Since 2009, China's economic cycles have been largely dominated by fluctuations in the short real estate cycle. Along with China's long real estate cycle inflection point, what factors will drive the next round of economic recovery? The author believes that only by promoting the clearing out of "people, property and goods" in the upstream and downstream sectors of real estate, including local governments and financing platforms, can China's economy return to the level of full employment.
The aftermath of a long real estate cycle inflection point
The International Monetary Fund has reviewed 122 recessions in advanced economies from the post-World War II period until the global financial crisis of 2008. The study showed that the recessions associated with the financial crisis of the housing bubble lasted longer and the economies recovered more slowly, as was the case in Japan after 1991 and in the United States after 2008.

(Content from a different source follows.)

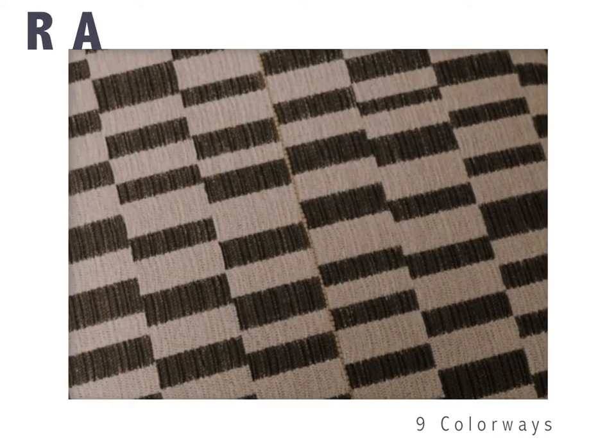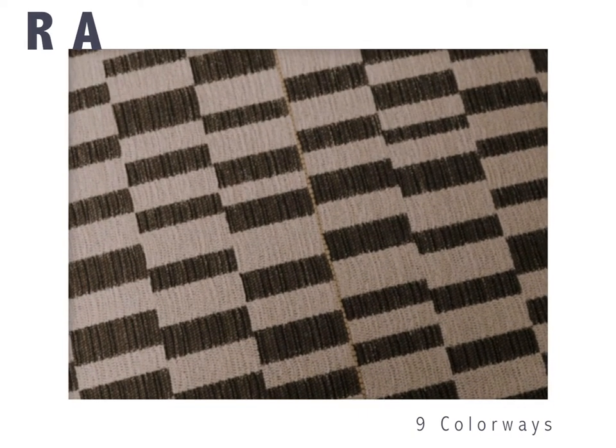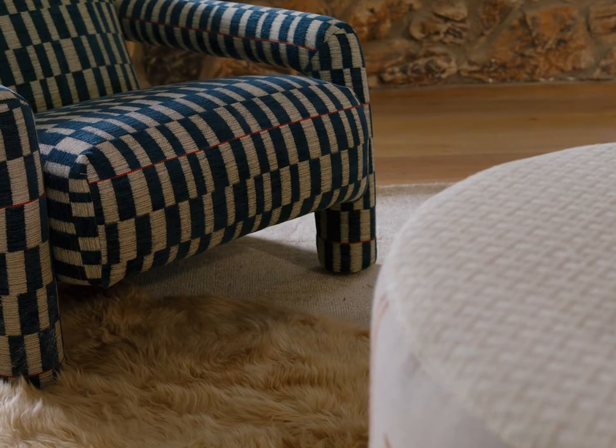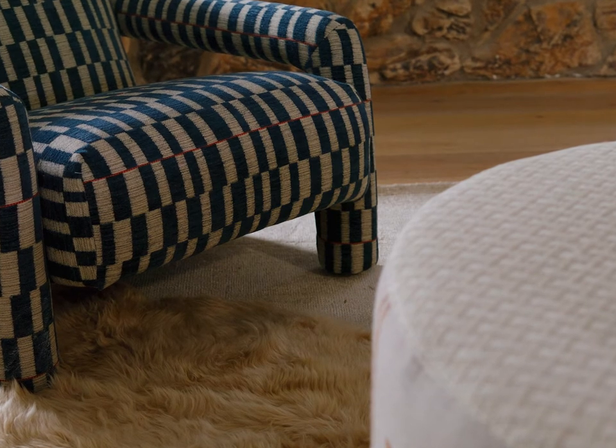Our checkered upholstery weight, Ra, is woven from 100% cotton. Sometimes known as Ra of the two horizons, this important figure was believed to rule the sun, earth, and underworld.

I think, whether it was the United States of Japan, or today's China, are in the stage of economic transition, the potential economic growth rate and the real economy during the decline in returns of the real estate boom was very unusual. And in the real estate market after a deep adjustment, for the real estate super-boom masked by the problems exposed, but also left a series of sequelae. The investment dilemma, deflationary dilemma and liquidation dilemma created by these problems are intertwined and reinforcing each other, making economic recovery challenging.
The primary challenge facing the economy after the inflection point in the long real estate cycle is the investment dilemma. In the context of a marked correction in house prices, there is pressure to deleverage in both the residential and corporate sectors. Debt repayment means increased savings for both the residential and corporate sectors, which, at the macro level, means that the government sector has to spend money - usually on investment - in order to maintain the balance of aggregate demand. However, at the time of the real estate bubble, the real returns of the real economy had already declined; the excessive boom in real estate triggered further overinvestment, including in real estate and industrial capacity, resulting in a surplus of stock capital in the real sector. If investment is increased again in this situation, it will only continue to depress the return on investment in the real economy, crowding out private investment, and the fiscal stimulus will thus achieve half the result with twice the effort.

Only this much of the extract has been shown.